Dive Brief:
- The Health Care Cost Institute released six studies showing how insurance policies are impacting healthcare costs and medical utilization.
- Among the findings were provider consolidation drives up cancer treatment costs and expanding access to physical therapy reduces use of high-powered painkillers.
- The independent researchers drew on HCCI’s database of commercial claims data for over 50 million Americans.
Dive Insight:
Cancer treatment spending rose when outpatient practices consolidated because of the additional facility fees outpatient facilities can charge payers. The researchers also found a link between consolidation and more costly drugs and other outpatient services.
Another study showed states that allow nurse practitioners to treat patients in the absence of a doctor had lower primary care rates — down 1% to 4% versus states that did not. Overall healthcare spending increased, however, possibly due to the general increase in access to care, the researchers said.

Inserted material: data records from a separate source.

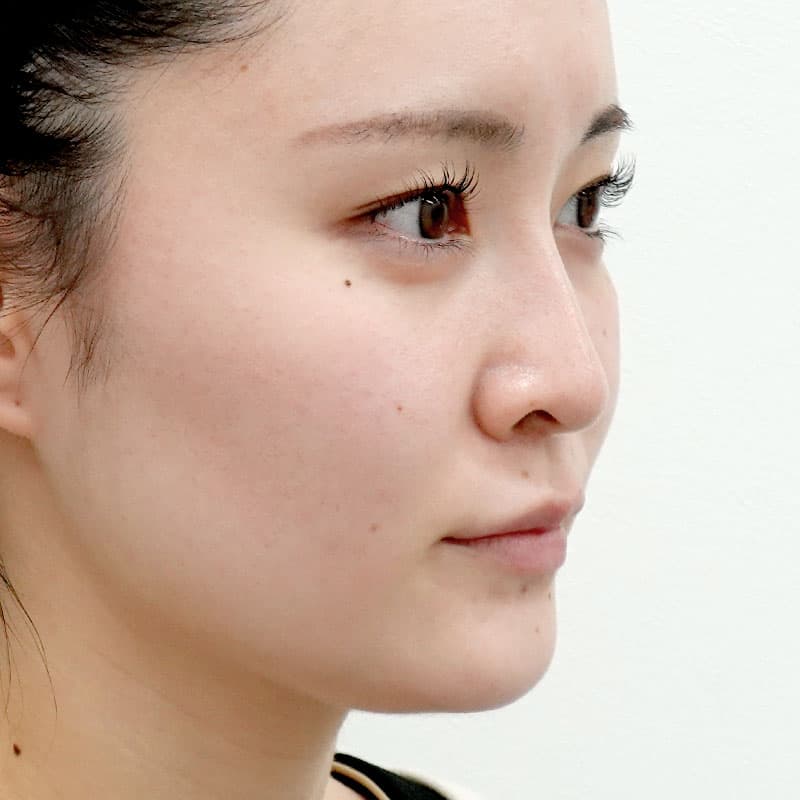20250831_St20250831_tanaka_hyaluronic lips eye bags nose　①After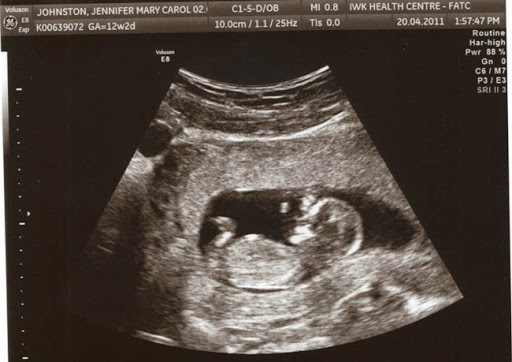 Мій щасливий лист by Roman - Ourboox.com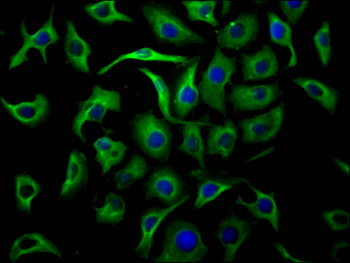 TUBB Antibody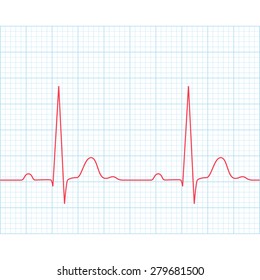 Medical electrocardiogram - ECG on grid paper, graph of heart rhythm, 2d illustration, vector, eps 8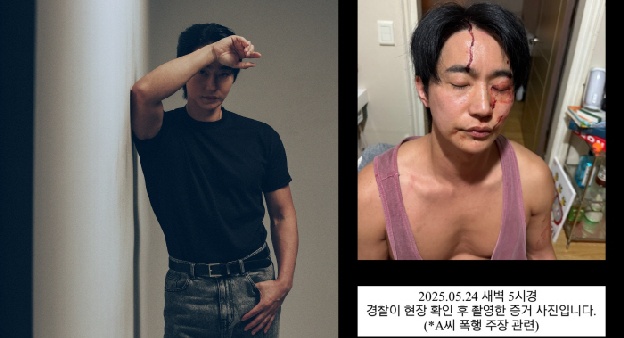 배우 전호준, 전여친 폭행 주장 정면 반박..“살려주세요” 핏자국 선명한 사진 공개
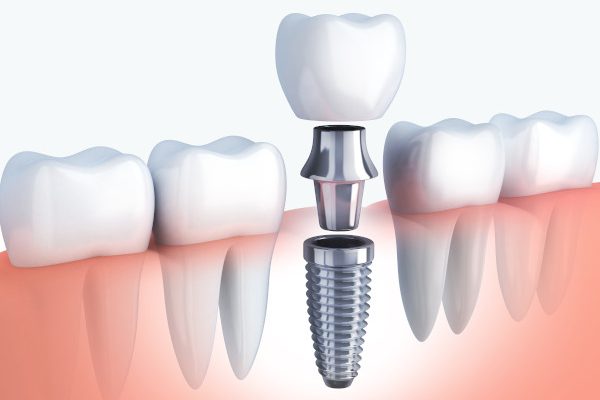 Ankara Diş İmplant Fiyatları 2025 implant fiyatları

Researchers also found that:
- Reimbursing for telehealth services reduces the cost of care by 40%, yet only seven states mandate equal coverage for telehealth and non-telehealth care.
- Passage of mental health parity legislation has not had the impact on access to mental health services that was anticipated; and
- Adopting a reference-based payment model for colonoscopies could save 8.5% per procedure.
The studies were funded by grants from the Laura and John Arnold Foundation and the National Academy for State Health Policy. HCCI’s repository contains de-identified HIPAA-compliant claims data from three of the nation’s largest payers.